* GOAL OF THE EXERCISE
For this exercise, return all the data word for word, with images left out.

* EXERCISE DATA

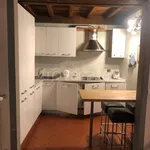 Rent 3 bedroom apartment of 60 m² in Firenze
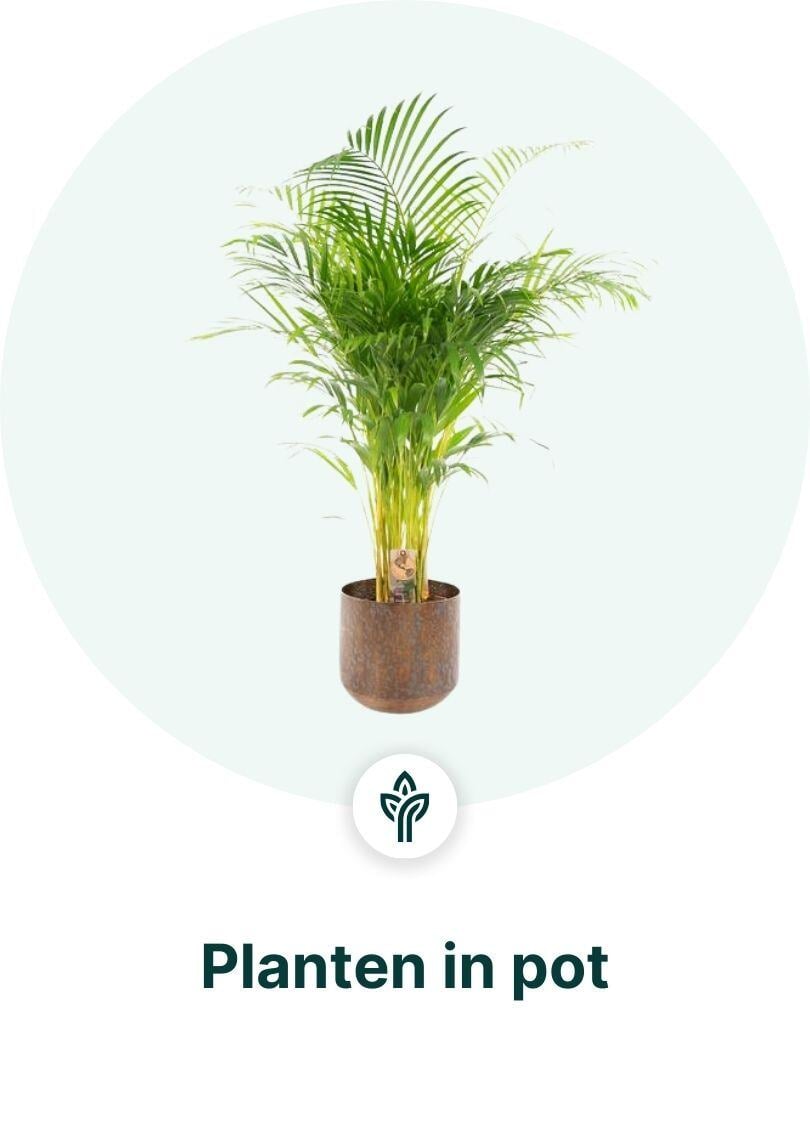 Kamerplanten in pot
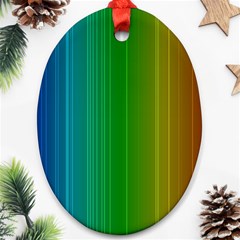 Spectrum Colours Colors Rainbow Oval Ornament (two Sides) by Nexatart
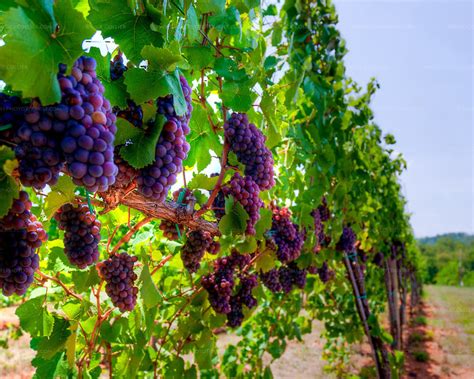 Red Vineyard HDR (Pollak Vineyards) | Wild Cherry RV Resort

* ANSWER BOX
 Rent 3 bedroom apartment of 60 m² in Firenze
 Kamerplanten in pot
 Spectrum Colours Colors Rainbow Oval Ornament (two Sides) by Nexatart
 Red Vineyard HDR (Pollak Vineyards) | Wild Cherry RV Resort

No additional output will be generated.